ForecastingStocks

Supervised learning is the most common machine-learning setup in finance. You show the model examples where you know the answer — historical features paired with the outcome that followed — and it learns a mapping from features to outcome.

Two flavours

Regression — predict a number. For example, predict next week's return as a continuous value. Linear regression is the simplest case; the tree and neural models later in this chapter are nonlinear cousins.
Classification — predict a category. For example, will the stock be up or down over the next five days? Up/down/flat is a three-class problem. Classification often works better than regression in markets because you are asking an easier question — direction, not magnitude.

Features and labels

Features (inputs) — anything you think carries signal: past returns, volatility, volume, technical indicators, fundamental ratios, macro data, even text sentiment.
Label (target) — the thing you are predicting, defined over a clear future horizon.

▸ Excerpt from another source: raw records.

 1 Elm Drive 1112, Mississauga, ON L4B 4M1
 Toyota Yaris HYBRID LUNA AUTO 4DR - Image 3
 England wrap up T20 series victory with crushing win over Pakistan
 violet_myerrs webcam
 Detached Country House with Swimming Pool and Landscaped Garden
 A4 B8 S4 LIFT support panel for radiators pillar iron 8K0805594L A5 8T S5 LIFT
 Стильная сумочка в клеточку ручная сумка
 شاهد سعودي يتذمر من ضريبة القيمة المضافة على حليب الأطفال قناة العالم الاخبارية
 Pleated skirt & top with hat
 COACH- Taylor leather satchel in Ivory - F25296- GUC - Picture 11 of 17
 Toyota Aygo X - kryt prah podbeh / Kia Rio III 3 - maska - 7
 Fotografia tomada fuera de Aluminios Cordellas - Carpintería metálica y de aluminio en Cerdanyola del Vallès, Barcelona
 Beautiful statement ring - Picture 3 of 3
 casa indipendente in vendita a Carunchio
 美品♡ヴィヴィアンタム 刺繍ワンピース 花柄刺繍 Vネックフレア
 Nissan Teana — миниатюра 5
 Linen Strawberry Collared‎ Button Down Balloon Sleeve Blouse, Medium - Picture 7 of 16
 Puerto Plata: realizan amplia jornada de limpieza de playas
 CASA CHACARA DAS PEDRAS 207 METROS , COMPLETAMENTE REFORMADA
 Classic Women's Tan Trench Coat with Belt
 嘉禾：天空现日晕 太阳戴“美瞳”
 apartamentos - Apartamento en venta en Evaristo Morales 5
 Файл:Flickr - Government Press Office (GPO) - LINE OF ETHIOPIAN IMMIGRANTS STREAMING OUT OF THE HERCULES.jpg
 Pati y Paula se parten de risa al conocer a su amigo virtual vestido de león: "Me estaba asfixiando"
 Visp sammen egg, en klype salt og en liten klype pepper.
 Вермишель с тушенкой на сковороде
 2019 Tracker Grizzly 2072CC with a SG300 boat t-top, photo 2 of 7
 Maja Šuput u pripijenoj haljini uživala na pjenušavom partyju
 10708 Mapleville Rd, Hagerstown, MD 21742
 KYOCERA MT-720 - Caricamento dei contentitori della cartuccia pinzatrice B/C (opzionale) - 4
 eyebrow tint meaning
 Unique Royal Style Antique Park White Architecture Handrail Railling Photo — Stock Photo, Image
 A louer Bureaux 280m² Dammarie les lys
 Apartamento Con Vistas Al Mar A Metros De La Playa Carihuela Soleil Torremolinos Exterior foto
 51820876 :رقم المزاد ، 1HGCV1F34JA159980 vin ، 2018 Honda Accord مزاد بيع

Defining the label well is half the battle. A sloppy label — like one that peeks at information not available at decision time — produces a model that looks brilliant and is useless live.

The central tension

A supervised model is only as good as the assumption that the future resembles the past. Markets are adversarial and non-stationary: patterns that paid yesterday get arbitraged away. Every supervised model in finance fights a slow decay as the world changes and others discover the same edge. This is why validation discipline (the final chapter) matters more here than in almost any other domain.